You probably remember the following formula from your science class:
Watt = Volts x Ampere
if you multiply it with time, you get energy instead of power
Watt x Hour = Volts x Ampere x Hour
or in the case of a AA battery
miliWatt x Hour = Volts x miliAmpere x Hour
the short version:
mWh = V x mAh

If the voltage (V) of a AA battery were constant over time, we could either use mWh or mAh to compute the battery capacity.
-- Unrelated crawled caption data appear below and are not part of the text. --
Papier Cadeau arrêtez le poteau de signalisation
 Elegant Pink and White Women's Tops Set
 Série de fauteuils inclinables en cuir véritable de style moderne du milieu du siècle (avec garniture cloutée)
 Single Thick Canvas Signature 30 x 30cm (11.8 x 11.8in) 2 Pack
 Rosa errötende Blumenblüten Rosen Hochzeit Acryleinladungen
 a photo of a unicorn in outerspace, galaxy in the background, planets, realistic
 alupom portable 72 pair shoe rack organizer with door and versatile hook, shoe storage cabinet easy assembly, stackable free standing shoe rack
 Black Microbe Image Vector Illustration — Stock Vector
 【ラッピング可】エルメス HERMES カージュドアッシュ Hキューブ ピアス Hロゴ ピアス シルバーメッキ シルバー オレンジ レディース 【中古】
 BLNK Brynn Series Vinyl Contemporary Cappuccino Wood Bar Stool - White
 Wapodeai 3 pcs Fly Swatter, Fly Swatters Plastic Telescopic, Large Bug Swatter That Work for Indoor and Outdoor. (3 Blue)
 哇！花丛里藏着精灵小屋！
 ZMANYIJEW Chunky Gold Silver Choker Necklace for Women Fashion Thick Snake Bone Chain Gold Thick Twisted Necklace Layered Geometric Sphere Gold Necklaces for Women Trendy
Since it drops as the battery empties, it would be more accurate to use mWh. While this is the scientific way of doing it, in some cases, mAh provide a better estimate of the battery ability to power your device:
• Devices using a voltage regulator: these devices use a voltage regulator to decrease the voltage provided by the batteries to a value supported by the electronics. This means that as long as the voltage from the batteries is high enough, the current consumed by the electronics will be the same as the current provided by the battery. In this specific case we therefore only need to know the mAh a battery can provide above a given cut-off voltage where the voltage regulator stops working (and the batteries must be replaced).
• In the case of a simple torch where the light bulb is a resistor, the current consumed will vary with the voltage of the battery. In this case mAh is probably a bad metric.
• More complex electronic devices might include a dc-dc converter (step up or step down) regulating the output voltage. The current drawn at the input (battery side) of these regulators varies with
• the input voltage (battery voltage),
• the power consumed by the electronics and
• the regulator efficiency (which also varies with input and output voltages).
In this case as well, the electronics draws a certain power and the current pulled from the battery will vary with the voltage it provides.
As a conclusion, I would recommend using energy (mWh) instead of current (mAh) to measure the capacity of your cells unless:
• You have a voltage regulator at the input of your circuit (and you know the cut-off voltage)
• You have a very linear battery, such as NiMh batteries (in which case if does not make a big difference).
Conclusion: we will therefore keep on using both!